You’ll Get To Know Your Neighbors 

People really do come together in times of trouble. Which is a good thing to remember in the political times that we’re going through. We don’t see our next door neighbor very often but we chatted with her a couple of times after the storm.  It turns out she works really far away, which is why she’s gone in the morning when I leave for work! We also met a nice couple at one of our local restaurants. We sat at a table with them as seating was only limited and only outdoors – the wife was an artist and she chatted the entire time with our 9 year old who had her watercolor pens and sketch pad with her. This event helped us meet people we wouldn’t have had the weather been good.

You Aren’t Missing Anything On TV  

Well I did miss the Miss America competition, which I’ve always enjoyed. But honestly if I had had television I’m not sure if I would have watched the entire thing.  So no harm, no foul. When I turned the tv on once we got electricity again there was really nothing interesting on so I read a book.

Speaking of reading – Make Sure You Have a Hobby 

Having a hobby is key to making sure you pass the time. I love to read so I downloaded magazines on the Texture app and got some e-books from my local library. I also had some physical books in case my electronics died. Even my 9 year old wanted to read!  She also played Monopoly with my husband. I kinda wished we owned Risk, which I haven’t played since college, because it’s such an intricate game and would have ate up a lot of time. Whatever you do, make sure you have something Hurricane readingentertaining to keep you occupied or you’ll go stir crazy (or drive your family crazy!)

 

Call To Have Your Bills Deferred  

It costs money to get ready for and to recover from a storm. Gas, food, cash on hand – there’s a lot of things that might eat into your savings.
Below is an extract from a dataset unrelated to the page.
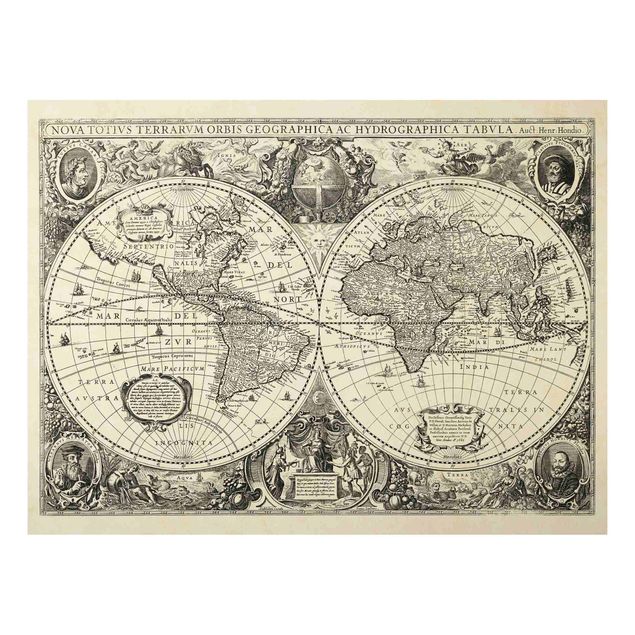 Tavlor världskartor Vintage World Map Antique Illustration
When the storm has passed make sure you call your mortgage company, student loan, car loan and credit card companies and ask them if they are deferring paying with no interest and no fees or penalties. That’s key – if they’re going to charge you a fee or additional interest don’t take it. You need the break to build your savings up a little bit or pay other bills that may come up (word is that our electric bills will be higher next month to make up for the additional help that was called in to help us). A few people told me that they don’t want to extend their loans and if you can afford not to do this, that’s great! However it’s better to ask for it and continue to make your payments than to not ask and 30 days later find it’s too late to ask and you’re in a pinch.

What suggestions do you have to someone who has been through a hurricane or other natural disaster?